Manoel Pastana *
Na manhã do dia 6 de junho de 1978, o agente penitenciário Antonio Santoro dirigia-se a pé, de sua casa para o trabalho (penitenciária de Udine, Itália). No caminho, um assassino frio e covarde, com barba e bigode postiços, e uma mulher, que usava peruca, fingiam namorar em uma esquina. Quando Santoro passou pelo casal disfarçado, o criminoso o atacou pelas costas com dois tiros de pistola à queima-roupa. A vítima não teve chance de defesa e tombou morta. O nome do assassino: Cesare Battisti. Ele e sua cúmplice fugiram em um carro no qual se encontravam dois comparsas que davam cobertura.

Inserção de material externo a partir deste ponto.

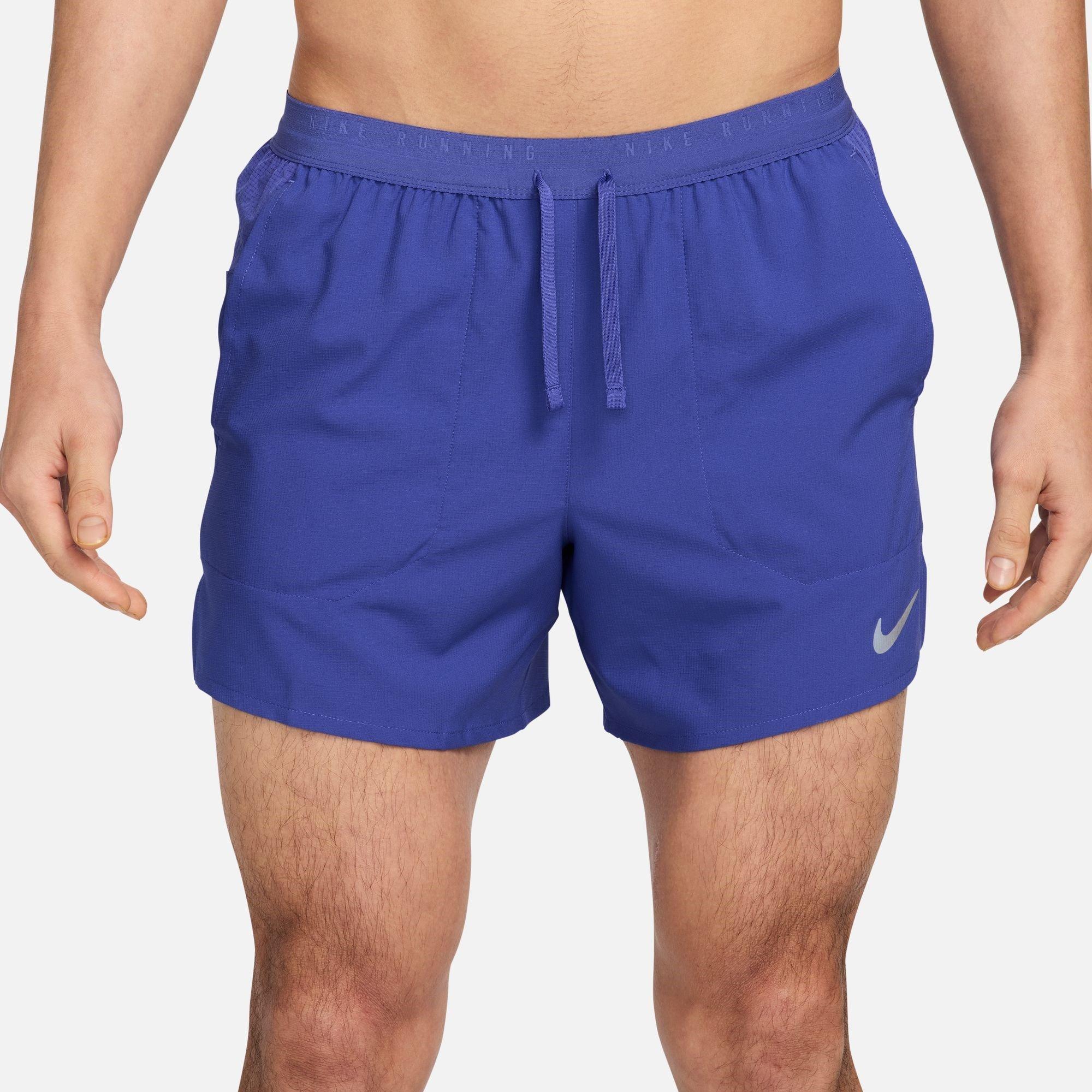 Nike Men's Stride 5In Performance Shorts - Lapis Blue - M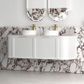 Hampshire 1500 Wall Hung White Vanity Cabinet Only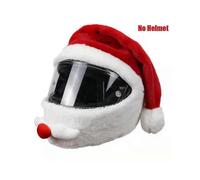 (M,L)Motorcycle Helmet Hat Christmas Cap Gift Cover Motorbike Funny Heeds Crazy Case Crash For Outdoor Personalized Full Helmets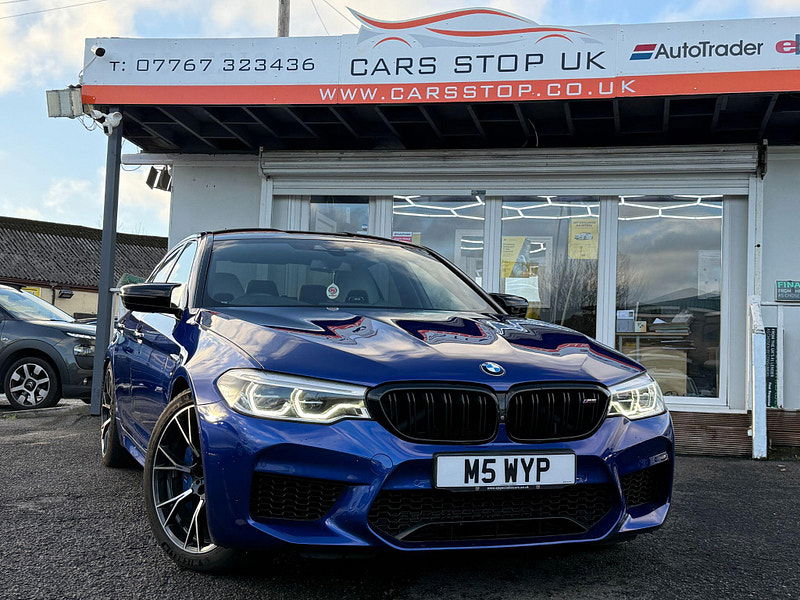 BMW M5 4.4i V8 Competition Steptronic xDrive Euro 6 (s/s) 4dr 4dr Automatic 2018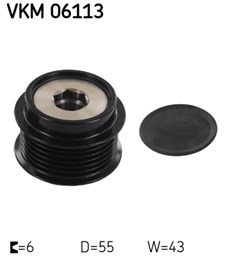 Sprzęgło alternatora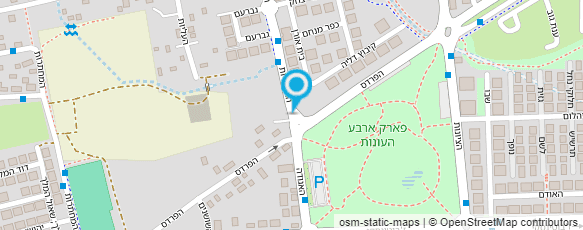 מפת הגעה אל קינן גנרטורים מפת הגעה אל קינן גנרטורים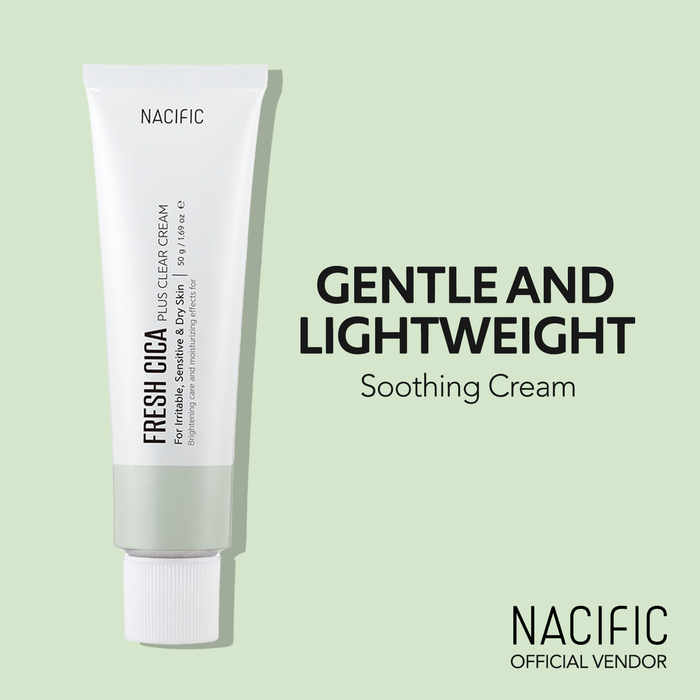 NACIFIC - Fresh Cica Plus Clear Cream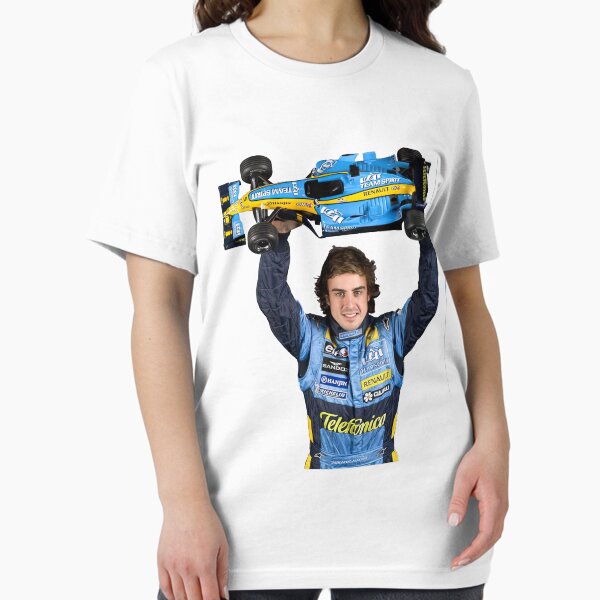 Vista previa del artículo con la obra «coche fernando alonso», diseñado y vendido por MocamoStart.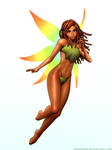 Commission - Josara the Fairy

As histórias dos quatro homicídios pelos quais Battisti foi condenado são muito parecidas. No cômputo das mortes, nenhuma autoridade. Parece que o criminoso era covarde demais e não tinha coragem de atacar autoridades. As outras vítimas foram: Lino Sabbadin, açougueiro; Pierluig Torregiani, joalheiro, morto numa emboscada quando caminhava ao lado de dois filhos menores, sendo que um deles foi alvejado, ficou paralítico e até hoje usa cadeira de rodas. A última vítima de Battisti foi Andrea Campagna, policial executado ao lado do futuro sogro, no dia 19 de abril de 1979, às 14hs, quando retornava do almoço com a namorada, o que fazia todos os dias.
Na Itália, embora o suspeito possa exercer a defesa ainda na fase de investigação, uma vez que lá existe o juiz de instrução, que não é o mesmo que julga (o que facilita a defesa), Battisti preferiu fugir a se defender, certamente sabedor de que o sistema de investigação italiano, um dos melhores do mundo, iria descobrir os seus crimes. Fugindo, teria a desculpa de que foi julgado à revelia, tese falaciosa que usa até hoje para esquivar-se da responsabilidade pelos terríveis crimes praticados.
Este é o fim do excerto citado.